» **What to work on**
Beginning with the opening line, restate the following material exactly, up through the line that contains "FIU - NCAA Softball".
Given records section start
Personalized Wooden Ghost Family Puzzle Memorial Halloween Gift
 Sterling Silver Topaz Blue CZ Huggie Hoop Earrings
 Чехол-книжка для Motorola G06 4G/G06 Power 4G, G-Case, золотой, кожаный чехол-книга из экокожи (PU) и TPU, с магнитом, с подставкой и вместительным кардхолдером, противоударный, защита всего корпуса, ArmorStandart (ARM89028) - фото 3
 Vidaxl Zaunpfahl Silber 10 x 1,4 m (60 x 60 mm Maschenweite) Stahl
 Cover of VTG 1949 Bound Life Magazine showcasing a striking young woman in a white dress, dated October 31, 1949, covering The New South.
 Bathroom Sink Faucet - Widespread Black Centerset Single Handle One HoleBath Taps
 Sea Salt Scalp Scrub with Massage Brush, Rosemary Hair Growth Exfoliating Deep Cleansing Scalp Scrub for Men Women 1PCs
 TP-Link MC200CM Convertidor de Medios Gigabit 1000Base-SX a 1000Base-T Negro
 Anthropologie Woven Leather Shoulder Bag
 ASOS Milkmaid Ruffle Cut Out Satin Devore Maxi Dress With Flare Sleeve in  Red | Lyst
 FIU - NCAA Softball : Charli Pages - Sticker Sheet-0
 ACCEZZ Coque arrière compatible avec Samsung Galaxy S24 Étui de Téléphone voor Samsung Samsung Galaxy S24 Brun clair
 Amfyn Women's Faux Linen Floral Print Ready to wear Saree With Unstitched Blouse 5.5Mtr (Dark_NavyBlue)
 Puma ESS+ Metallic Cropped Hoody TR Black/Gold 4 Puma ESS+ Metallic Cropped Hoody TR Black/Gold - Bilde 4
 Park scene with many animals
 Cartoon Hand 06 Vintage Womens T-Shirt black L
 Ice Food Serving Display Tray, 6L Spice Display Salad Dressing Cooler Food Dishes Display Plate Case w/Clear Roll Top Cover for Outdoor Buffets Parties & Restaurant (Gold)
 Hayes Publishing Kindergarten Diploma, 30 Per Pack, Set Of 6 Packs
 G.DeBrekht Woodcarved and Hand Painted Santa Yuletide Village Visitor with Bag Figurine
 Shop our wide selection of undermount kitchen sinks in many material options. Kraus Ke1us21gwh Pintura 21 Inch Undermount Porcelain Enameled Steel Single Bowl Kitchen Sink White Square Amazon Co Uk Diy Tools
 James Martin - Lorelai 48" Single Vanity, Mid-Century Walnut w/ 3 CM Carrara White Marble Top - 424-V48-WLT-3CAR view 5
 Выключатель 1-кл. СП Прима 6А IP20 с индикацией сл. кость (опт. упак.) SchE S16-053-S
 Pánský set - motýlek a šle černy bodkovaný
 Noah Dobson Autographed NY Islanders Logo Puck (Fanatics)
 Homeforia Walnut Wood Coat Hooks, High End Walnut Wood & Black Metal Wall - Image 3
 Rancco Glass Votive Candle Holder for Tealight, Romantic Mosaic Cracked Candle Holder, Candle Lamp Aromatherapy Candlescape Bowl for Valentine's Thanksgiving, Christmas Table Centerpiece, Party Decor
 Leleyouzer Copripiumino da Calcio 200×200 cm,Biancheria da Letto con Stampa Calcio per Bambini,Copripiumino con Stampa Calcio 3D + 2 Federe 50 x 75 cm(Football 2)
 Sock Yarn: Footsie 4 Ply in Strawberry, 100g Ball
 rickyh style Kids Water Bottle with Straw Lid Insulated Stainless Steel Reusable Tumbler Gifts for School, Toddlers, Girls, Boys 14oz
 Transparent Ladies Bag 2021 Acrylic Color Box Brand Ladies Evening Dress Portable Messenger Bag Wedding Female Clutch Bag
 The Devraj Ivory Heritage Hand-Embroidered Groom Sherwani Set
Given records section end
» **Answer area**
Personalized Wooden Ghost Family Puzzle Memorial Halloween Gift
 Sterling Silver Topaz Blue CZ Huggie Hoop Earrings
 Чехол-книжка для Motorola G06 4G/G06 Power 4G, G-Case, золотой, кожаный чехол-книга из экокожи (PU) и TPU, с магнитом, с подставкой и вместительным кардхолдером, противоударный, защита всего корпуса, ArmorStandart (ARM89028) - фото 3
 Vidaxl Zaunpfahl Silber 10 x 1,4 m (60 x 60 mm Maschenweite) Stahl
 Cover of VTG 1949 Bound Life Magazine showcasing a striking young woman in a white dress, dated October 31, 1949, covering The New South.
 Bathroom Sink Faucet - Widespread Black Centerset Single Handle One HoleBath Taps
 Sea Salt Scalp Scrub with Massage Brush, Rosemary Hair Growth Exfoliating Deep Cleansing Scalp Scrub for Men Women 1PCs
 TP-Link MC200CM Convertidor de Medios Gigabit 1000Base-SX a 1000Base-T Negro
 Anthropologie Woven Leather Shoulder Bag
 ASOS Milkmaid Ruffle Cut Out Satin Devore Maxi Dress With Flare Sleeve in  Red | Lyst
 FIU - NCAA Softball : Charli Pages - Sticker Sheet-0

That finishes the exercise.